START Data shown
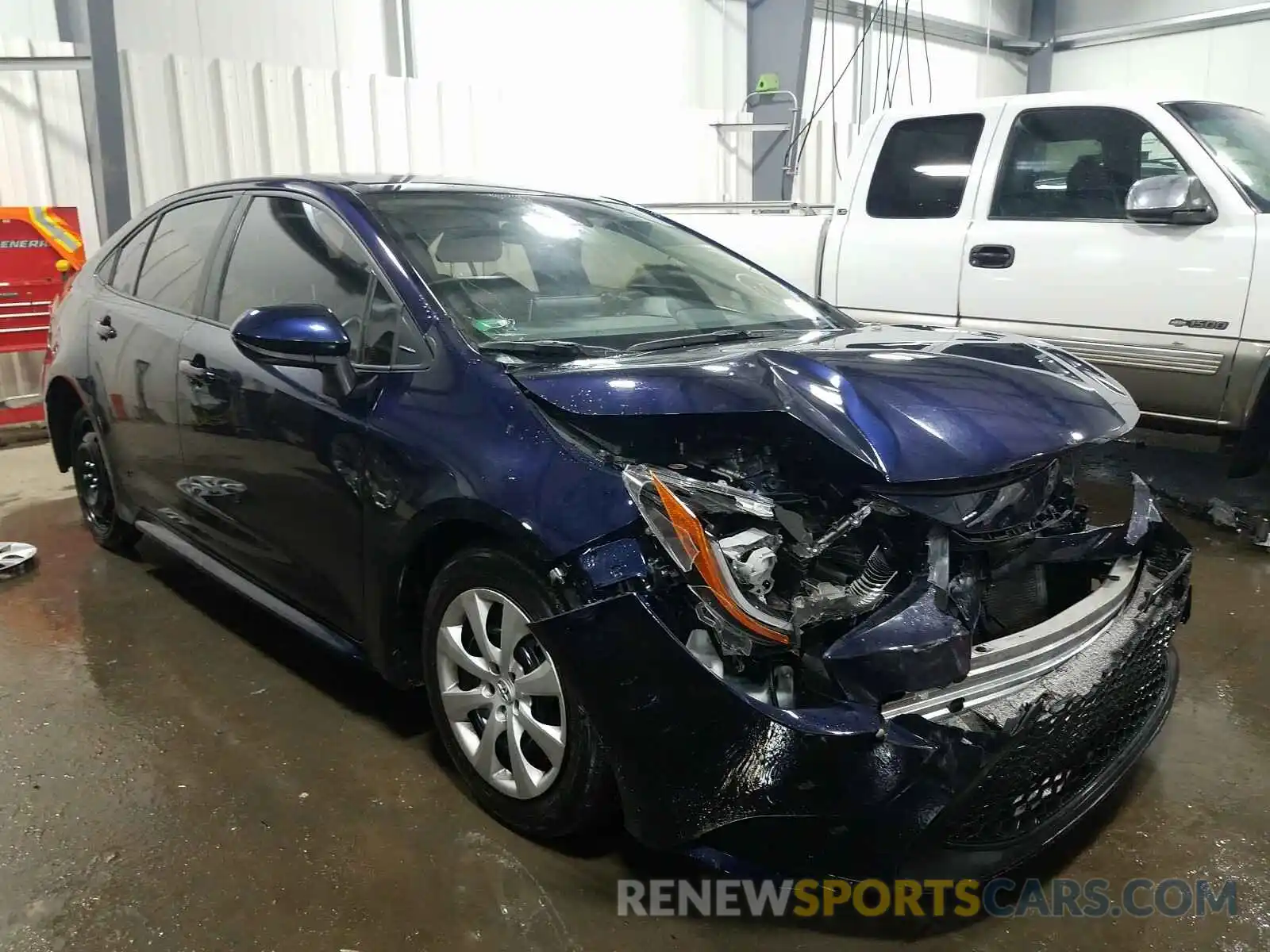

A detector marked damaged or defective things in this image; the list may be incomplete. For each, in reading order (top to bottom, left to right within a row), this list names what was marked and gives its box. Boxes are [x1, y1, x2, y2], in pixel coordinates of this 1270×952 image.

damaged blue sedan [42, 175, 1194, 882]
shattered headlight [619, 463, 787, 644]
crumpled hood [508, 325, 1143, 482]
broken front bumper [533, 517, 1194, 882]
cracked grille [940, 590, 1187, 850]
END Data shown
### Problem to work on
Your answer must be the records above, word for word, with no pictures.

### Exercise response
A detector marked damaged or defective things in this image; the list may be incomplete. For each, in reading order (top to bottom, left to right within a row), this list names what was marked and gives its box. Boxes are [x1, y1, x2, y2], in pixel coordinates of this 1270×952 image.

damaged blue sedan [42, 175, 1194, 882]
shattered headlight [619, 463, 787, 644]
crumpled hood [508, 325, 1143, 482]
broken front bumper [533, 517, 1194, 882]
cracked grille [940, 590, 1187, 850]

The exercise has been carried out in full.